## What to do
Give the entries below again exactly. Their pictures are not needed.

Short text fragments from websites
▬▬▬

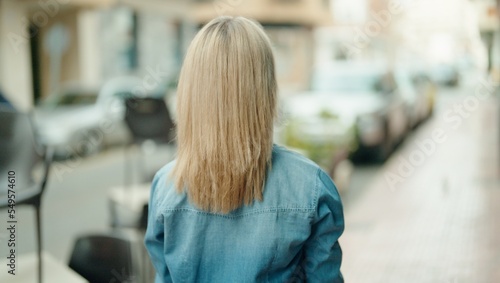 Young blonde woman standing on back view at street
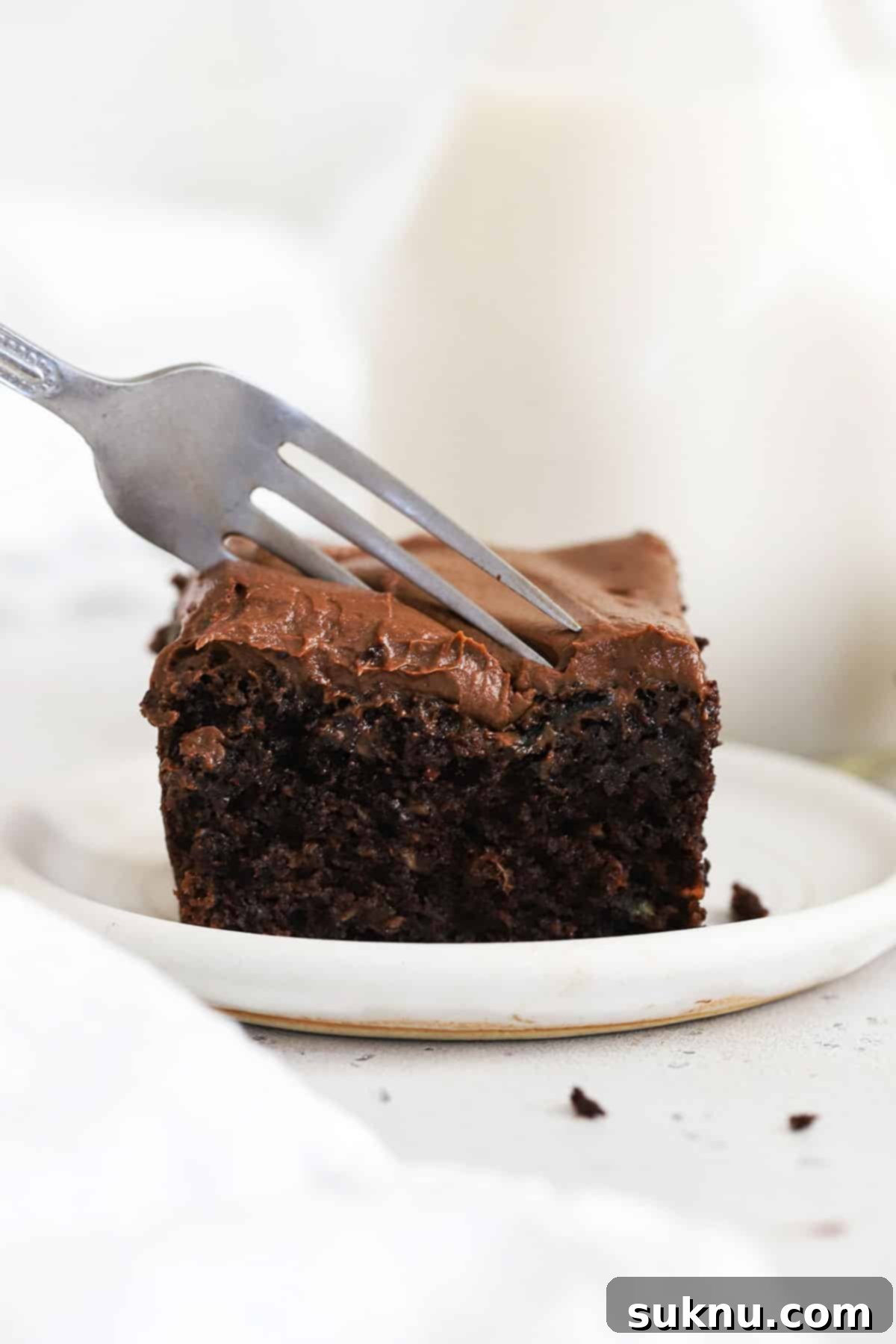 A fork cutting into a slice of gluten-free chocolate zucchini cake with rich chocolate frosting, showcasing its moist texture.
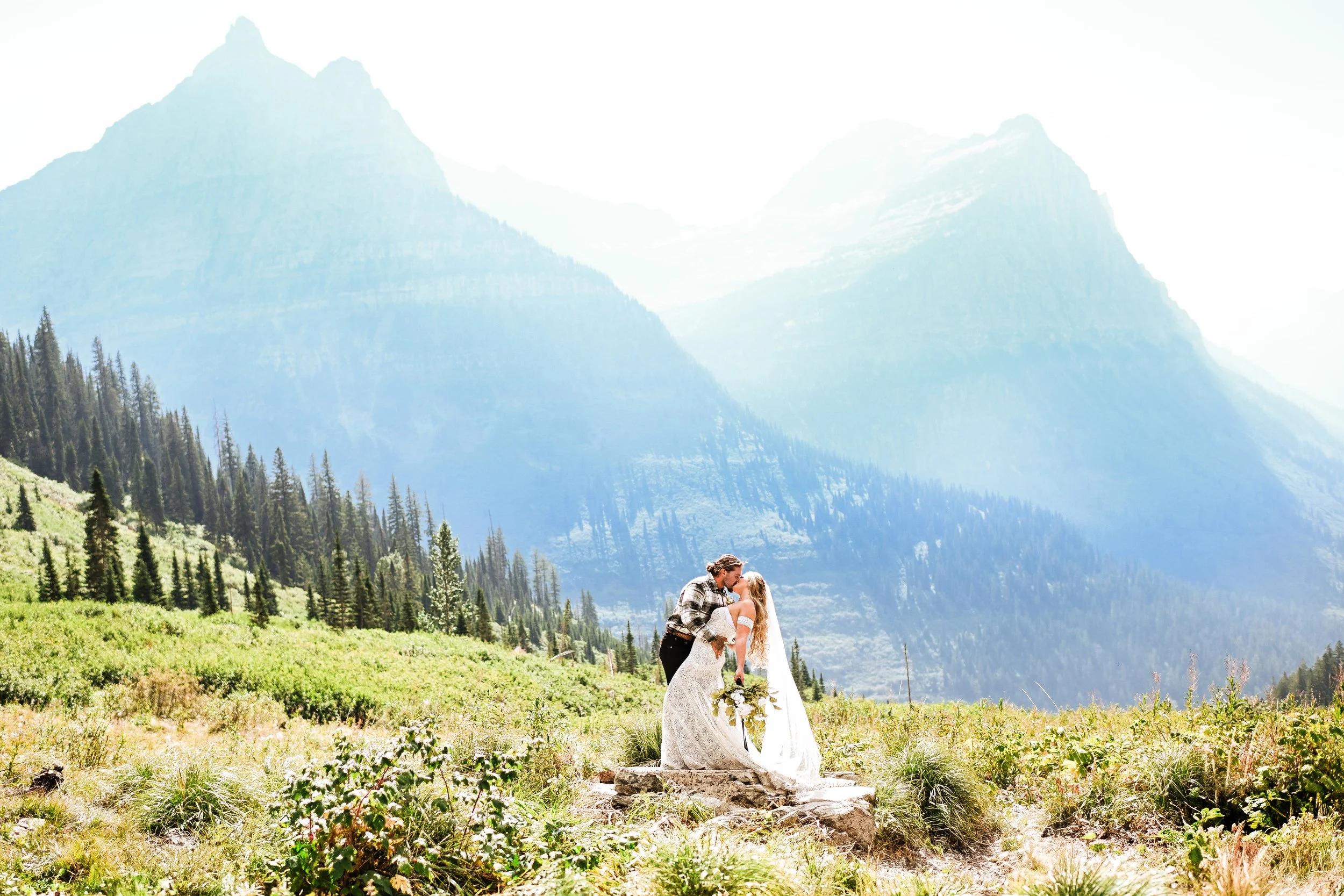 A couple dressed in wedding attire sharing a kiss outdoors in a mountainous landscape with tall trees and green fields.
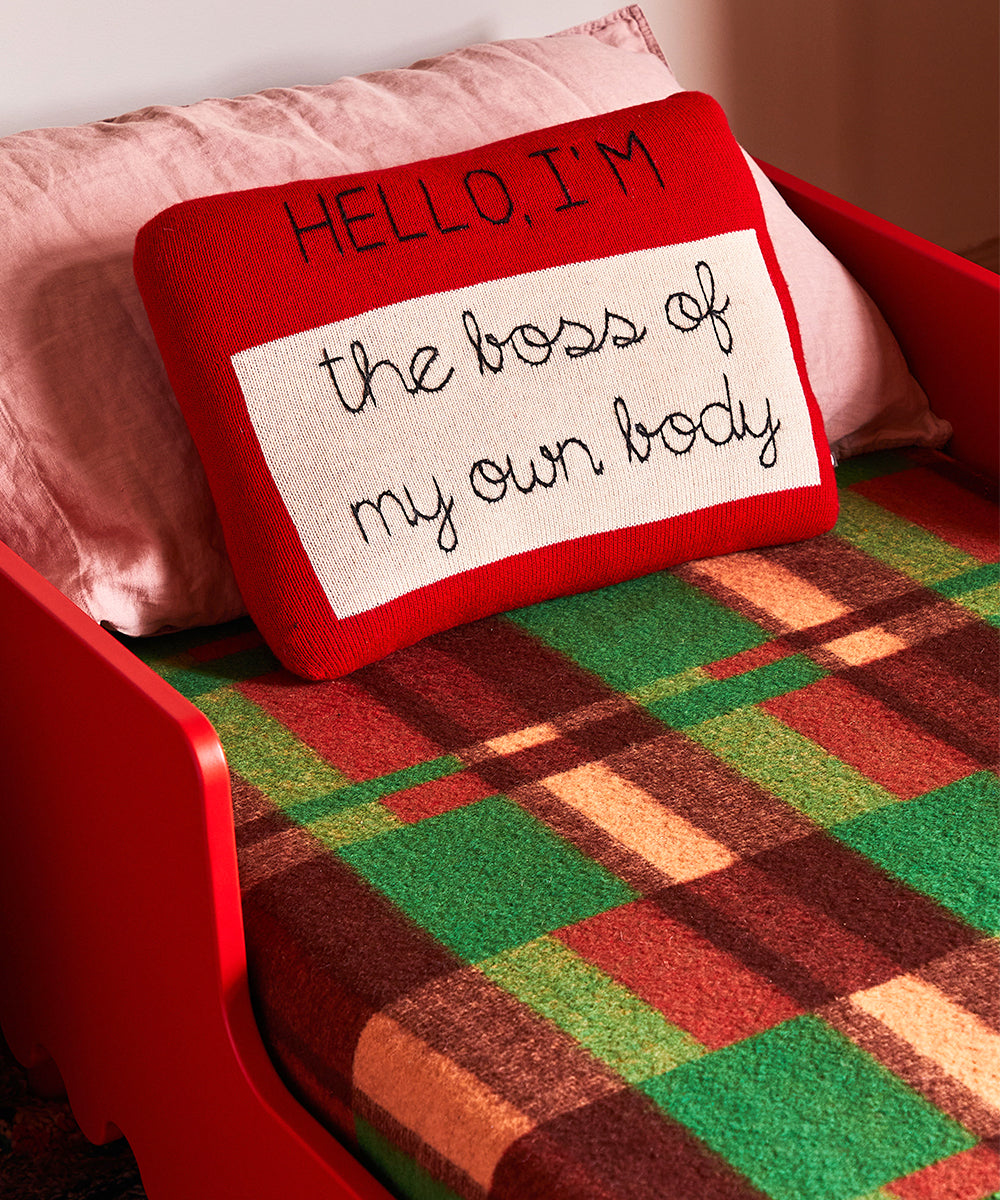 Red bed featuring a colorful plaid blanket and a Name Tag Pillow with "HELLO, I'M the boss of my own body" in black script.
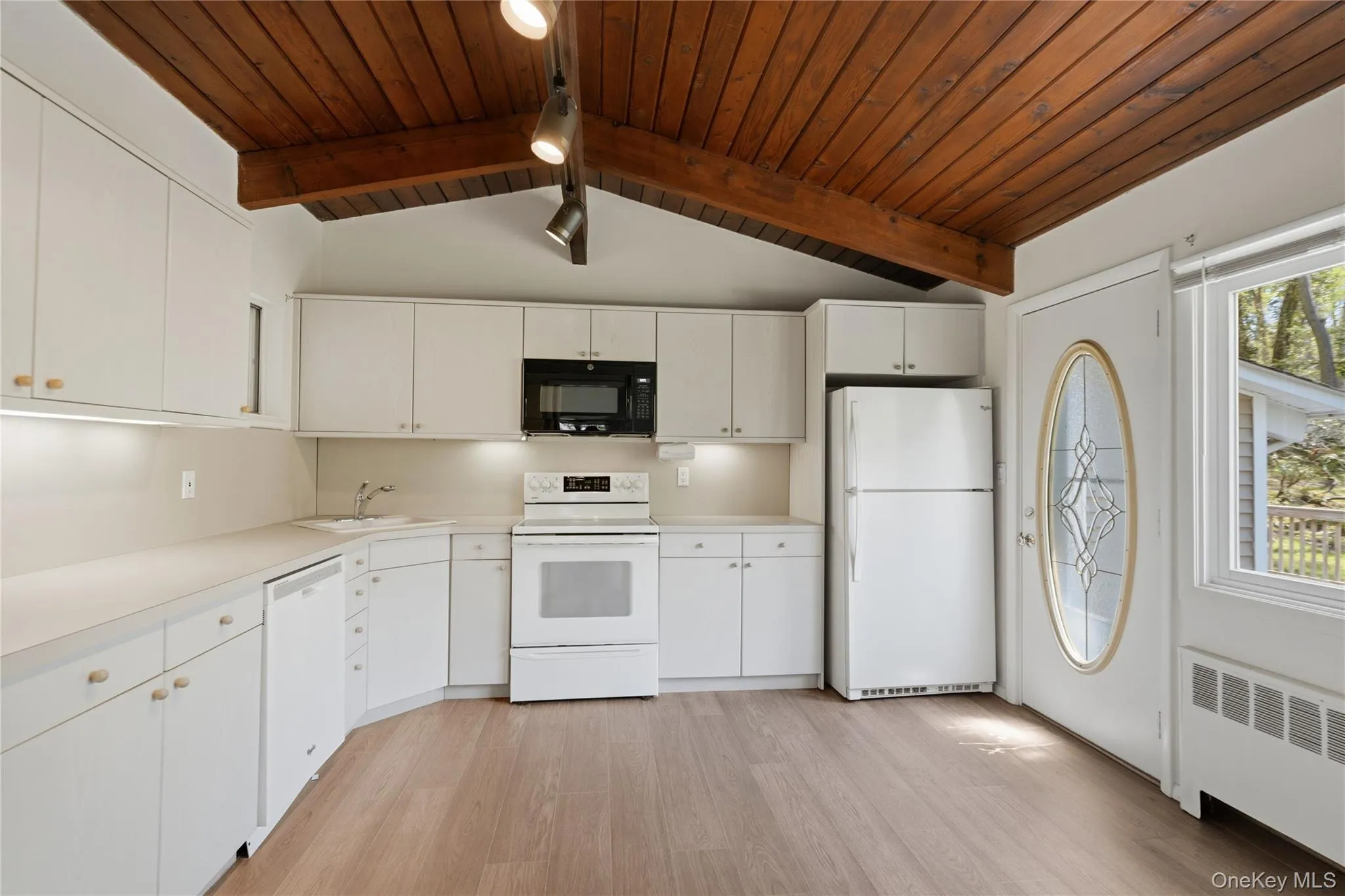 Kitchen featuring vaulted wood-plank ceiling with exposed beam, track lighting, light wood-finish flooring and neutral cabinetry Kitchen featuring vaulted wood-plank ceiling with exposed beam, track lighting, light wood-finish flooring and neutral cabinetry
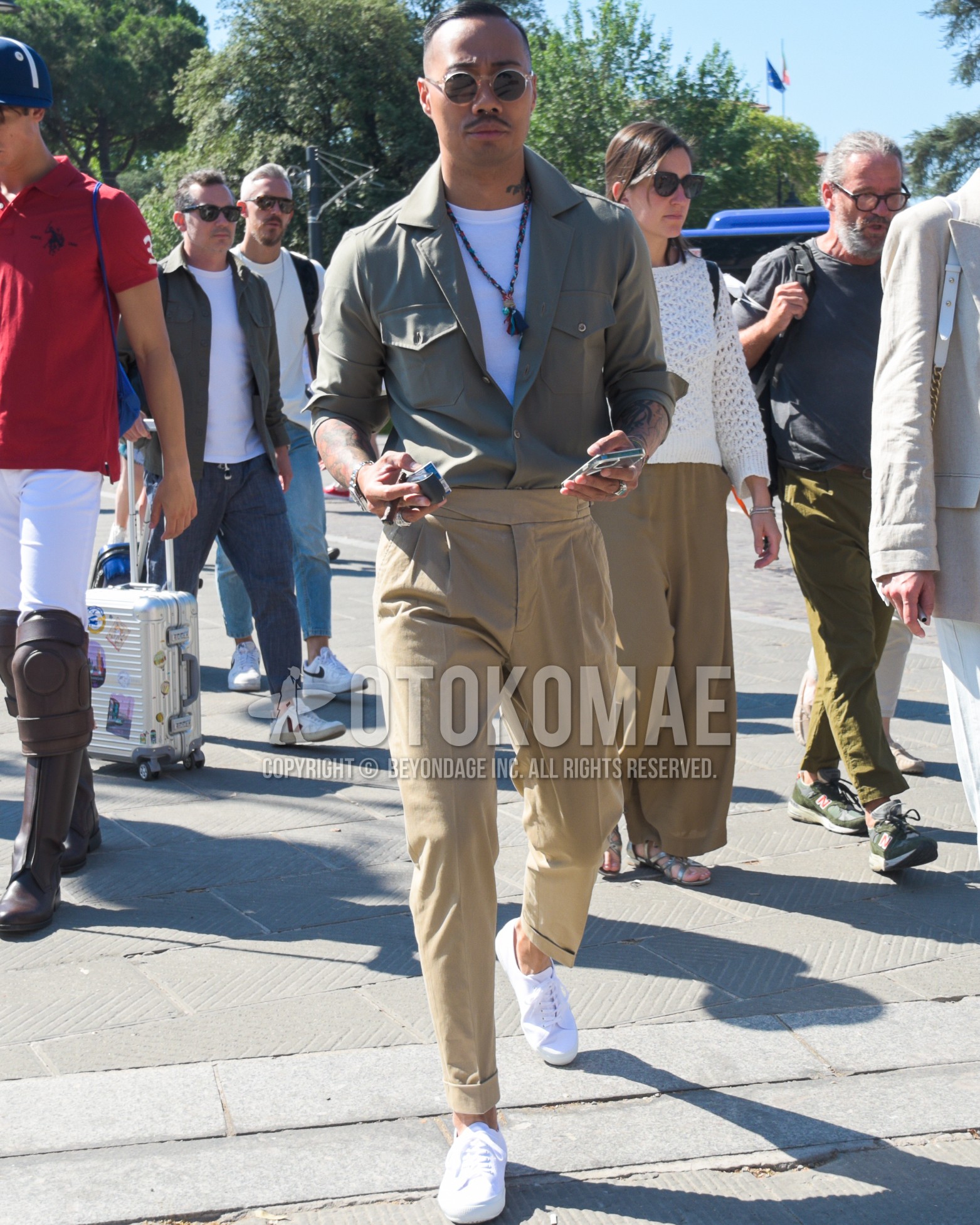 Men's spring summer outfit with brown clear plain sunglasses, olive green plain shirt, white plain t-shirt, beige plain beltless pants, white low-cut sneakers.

▬▬▬

## Answer to this problem
 Young blonde woman standing on back view at street
 A fork cutting into a slice of gluten-free chocolate zucchini cake with rich chocolate frosting, showcasing its moist texture.
 A couple dressed in wedding attire sharing a kiss outdoors in a mountainous landscape with tall trees and green fields.
 Red bed featuring a colorful plaid blanket and a Name Tag Pillow with "HELLO, I'M the boss of my own body" in black script.
 Kitchen featuring vaulted wood-plank ceiling with exposed beam, track lighting, light wood-finish flooring and neutral cabinetry Kitchen featuring vaulted wood-plank ceiling with exposed beam, track lighting, light wood-finish flooring and neutral cabinetry
 Men's spring summer outfit with brown clear plain sunglasses, olive green plain shirt, white plain t-shirt, beige plain beltless pants, white low-cut sneakers.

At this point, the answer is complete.